Seattle Sounders reap benefits of tracking, educating players on "sleep technology"

Players skilled enough to reach the professional level are often lauded for their relentless work rates. But that truism has a flip side: Many of soccer's elite performers rest far more each day than their fellow humans, a lesson the Seattle Sounders try to drive home to their squad whenever possible.

Using high-tech wristwatches that track sleep patterns, Seattle's highly-respected sports scientists have spent significant amounts of time and money to track their players' rest habits over two- to three-week periods during various stages of the season.

“We wanted to show players how they have been sleeping and if they can get some help,” Sounders performance analyst Ravi Ramineni told MLSsoccer.com. “Sleep is the best recovery tool, and if you get seven nights of good sleep every week, your chance of getting injured is less. You probably are going to be in better shape, physically and mentally, to play.”

Ramineni noted that Chelsea and Ghana star Michael Essien was known for sleeping some 14 hours a night – nearly double what a typical layperson gets – whenever possible. Those who aspire to similar somnolence can reap direct benefits in terms of injury avoidance, a fact revealed most clearly when new arrivals affected household patterns.

“One of the biggest red flags we have is guys that have kids,” said Dave Tenney, Seattle's manager of performance and sports science (pictured above). “Almost across the board, guys would have their first child and then end up having some sort of soft-tissue issue not soon after, because they go from getting 8-9 hours sleep a night to all of a sudden getting 4-6 hours of sleep a night.

“That shocked their body enough, and the lack of recovery is a huge red flag.”

As it turns out, domestic life influences rest in multiple ways.

“Our single guys all slept pretty much the same, whether we were at preseason or back at home,” said Tenney. “The married guys actually slept worse when we were away in preseason.
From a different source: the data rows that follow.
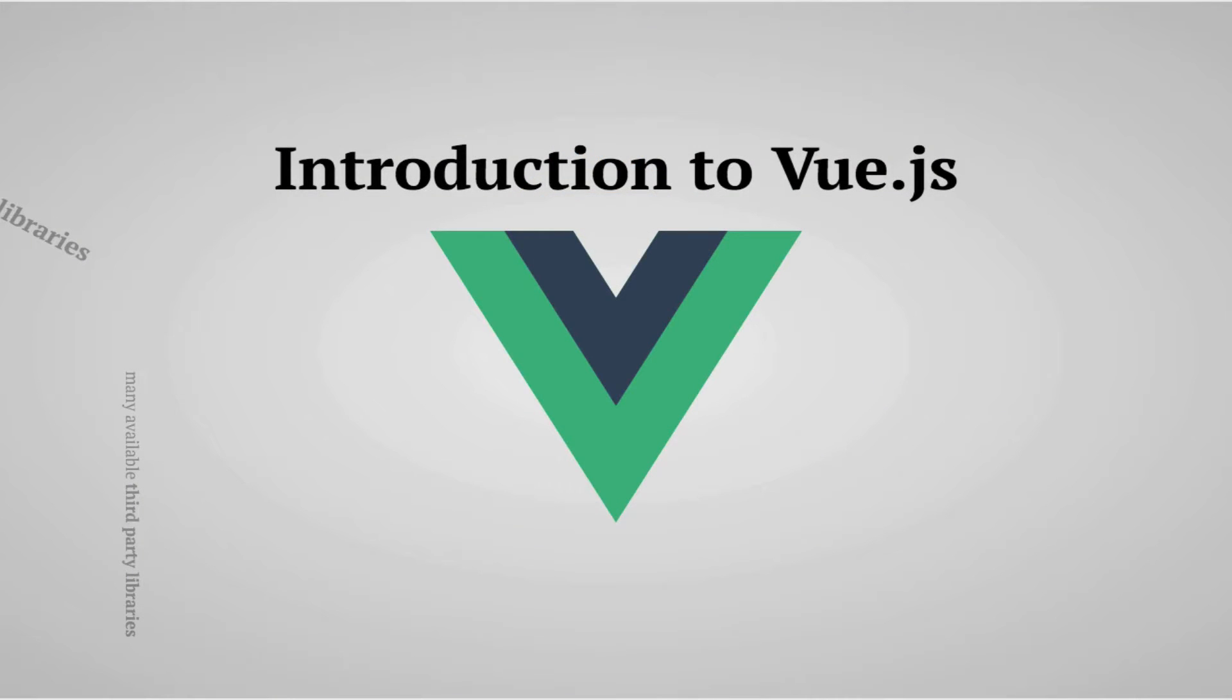Welcome to this course about Vue.js and thank you for joining. Before we get into writing code, let's first take a look at what Vue.js actually is.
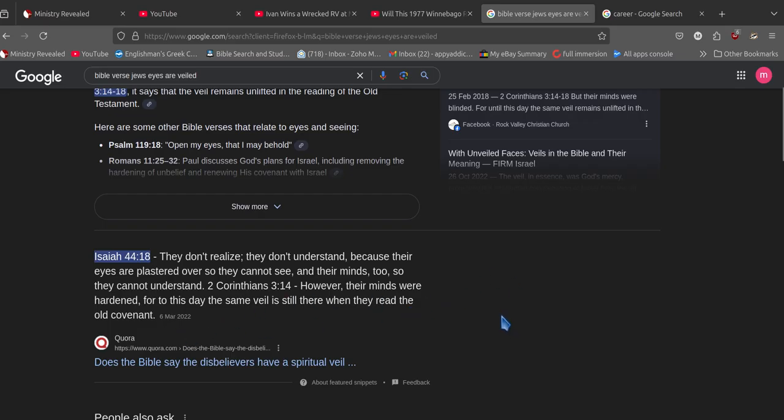So with these people, what you got to do? Don't tell them anything about the rapture. Don't get into their straw man arguments. When they say explain this to me and that to me, don't even go there.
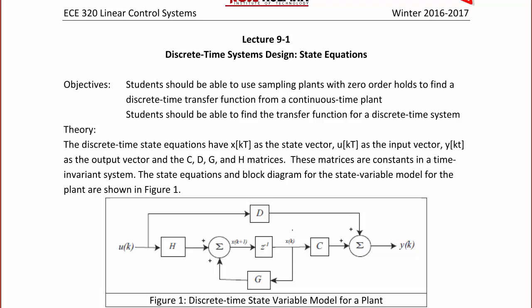Hello and welcome back. Today we will start lecture 9-1 on discrete time systems design state equations. The objectives for today's lecture are that students should be able to use sampling plants with zero-order holds to find a discrete time transfer function from a continuous time plant, and students should be able to find the transfer function for a discrete time system and also find discrete time state equations.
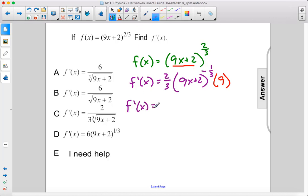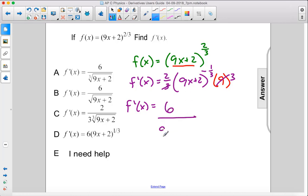So f prime of x equals — let's cross-cancel this 3 and this 9, so that becomes 3. 2 times 3 is 6 over 9x plus 2 to the 1/3 power, and that is the answer.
We didn’t expect that at all. So we went to the guys, and I remember asking Djimi Traoré, ‘Djimi, why do you sleep an hour less?’ He’s like, ‘Well, my wife makes me go to sleep at 10:30, so I go to sleep. [On road trips], I stay up and watch TV.’

“So you don’t think about the married guys, who are on a very strict schedule, and then they are away, on a road trip or at preseason training, and they actually don’t sleep as well.”

Ramineni emphasizes, to Seattle's younger players in particular, that schedule is just as important as amount.

“The number of hours of sleep is important, but it’s also really important that you always go to bed roughly at the same time” he said. “If you sleep an average of seven hours per night, but one night you [go to sleep] at 10 pm and another at 2 am, that is not an optimal thing.

“Our best players go to bed roughly at the same time, sleep roughly seven, eight hours a night, and I think that helped us to show an example for the younger guys who still are figuring out how to get better. That’s a really valuable tool for them to learn.”

Tenney sees myriad potential for further development in this field, but predicts hard choices as the scope of technology intensifies in the years ahead.

“In the NFL, they have tried to do sleep tracking, and there's privacy and players' union issues,” he said. “Where is the line of measuring things once a guy goes home? I think sports science is really good at getting a lot of good data; the next question is, how invasive to the athletes' private lives can you be, or do you want to be?

“For us, we’ve just focused on the education and importance of good sleep, and I think guys get it.”